A few people laughed, awkwardly, and then the conversation moved on. I probably appeared like I was complaining, because when I said what I said I know my face was stoic. When I’m anxious it’s very difficult for me to smile, and as a result I look serious or angry or mean. Ironically, inside I’m terrified. I just want people to like me. The response I got from Ms. D reinforced my anxiety, and it was appropriate given my comment and how I looked. I really shouldn’t take it personally, because she’s responding to my social anxiety not my true personality, but I still do. She gave me the reaction I’ve gotten most of my life–the same reaction that fuels my anxiety. If she could only understand that I’m feeling something entirely different altogether on the inside she would probably respond differently. I came across as unfriendly and uncaring and yet on the inside I just wanted to connect and be heard. I wish she could have seen this. I wish everybody could see this. Social anxiety changes my personality so much–making it impossible for me to be myself.

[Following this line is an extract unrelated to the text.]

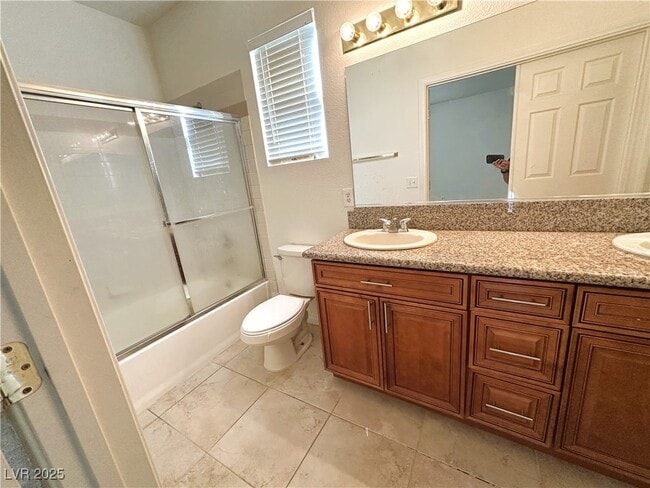 property at 2610 Rimpacific Cir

I didn’t say much the rest of the trip. Depression followed me home. I carried it with me on Sunday and on in to today. Right now I’m analyzing and interpreting every single word spoken, every gesture, every facial expression from the weekend. I’m also beginning to feel anxious again because I have another social event tonight: dinner with my girlfriend’s former roommate.

***

I suffered constantly in one form or another this past week. When I wasn’t anxious I felt depressed, and when I wasn’t depressed I felt anxious, and when I wasn’t anxious or depressed I felt hyper.

I’ve been thinking more about suffering recently. I’m starting to believe that everyone suffers in their own way. If you alleviate one form, like starvation, another appears, like anxiety–so what’s the point of even trying? I think the answer can be found in the Buddha’s four noble truths. Suffering is all around us, it’s part of life, but it only affects us if we attach ourselves to them.

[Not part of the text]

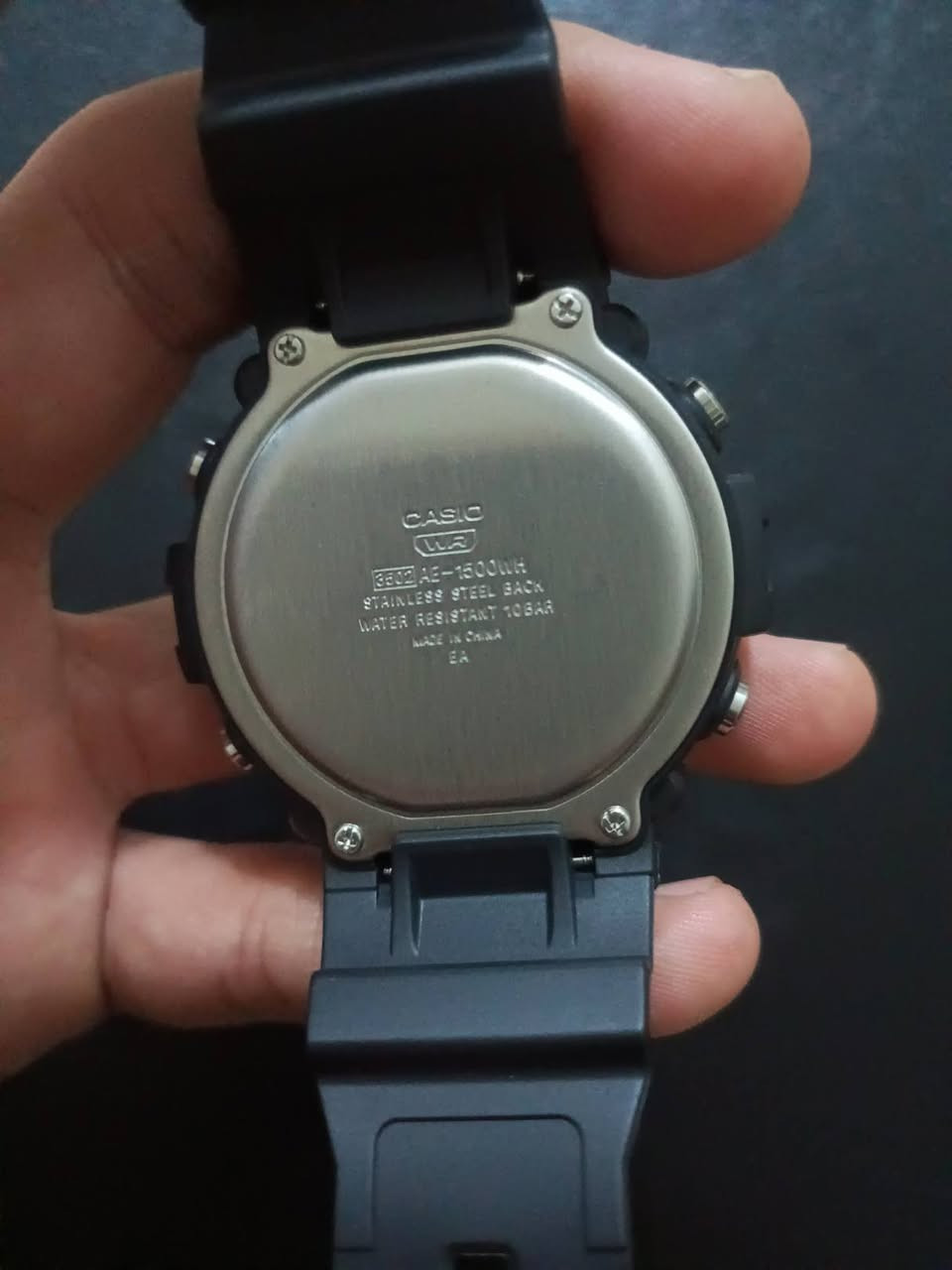 ساعة كاسيو (Casio) طراز AE-1500WH.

To me, that means suffering is a choice. I suffer because I choose to believe my thoughts. I choose to let them control me. That said, I’m not sure how to go about releasing, or detaching, my self from my thoughts, but I do believe I’m on the right path. I need to keep doing what I’m doing.

P.S. I got a haircut and nobody noticed. My hair used to be long, and I cut it really short. I thought for sure someone would say something which would open up a conversation, but no one did. I’m invisible.